W: Avez-vous essayé de mettre en pratique vos recherches en électrophysiologie végétale ?

Alexandre Volkov: J'ai des brevets pour prédire et enregistrer les tremblements de terre à l'aide de plantes. A la veille des tremblements de terre (dans différentes parties du monde, l'intervalle de temps varie de deux à sept jours), le mouvement de la croûte terrestre provoque des champs électromagnétiques caractéristiques. À un moment donné, les Japonais ont proposé de les réparer à l'aide d'antennes géantes - des morceaux de fer de deux kilomètres de haut, mais personne ne pouvait construire de telles antennes, et ce n'est pas nécessaire. Les plantes sont si sensibles aux champs électromagnétiques qu'elles peuvent mieux prévoir les tremblements de terre que n'importe quelle antenne. Par exemple, nous avons utilisé l'aloe vera à ces fins - nous avons connecté des électrodes de chlorure d'argent à ses feuilles, enregistré l'activité électrique et traité les données.

W: Ça a l'air absolument fantastique. Pourquoi ce système n'est-il toujours pas mis en œuvre dans la pratique ?

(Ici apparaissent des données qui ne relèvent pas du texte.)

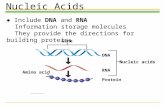 Gene DNA RNA Protein Amino acid Nucleic acids Nucleic Acids ● Include DNA and RNA Information storage molecules They provide the directions for building.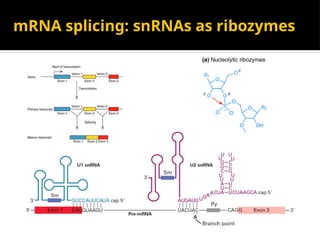 mRNA splicing: snRNAs as ribozymes
 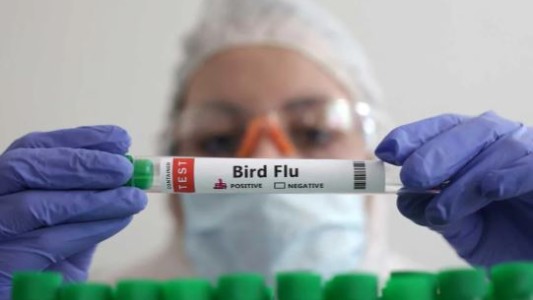 México aclaró que la persona con gripe aviar AH5N2 murió por padecimientos crónicos y no del virus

UN V: Il y avait un problème inattendu ici. Regardez: disons que vous êtes le maire de San Francisco et découvrez qu'il y aura un tremblement de terre dans deux jours. Qu'est ce que tu vas faire? Si vous en parlez aux gens, en raison de la panique et de l'écrasement, encore plus de personnes peuvent mourir ou être blessées que lors d'un tremblement de terre. En raison de telles restrictions, je ne peux même pas discuter publiquement des résultats de notre travail dans la presse ouverte. Dans tous les cas, je pense que tôt ou tard, nous aurons une variété de systèmes de surveillance fonctionnant sur des usines de capteurs. Par exemple, dans un de nos travaux, nous avons montré qu'en utilisant l'analyse de signaux électrophysiologiques, il est possible de créer un système de diagnostic instantané de diverses maladies des plantes agricoles.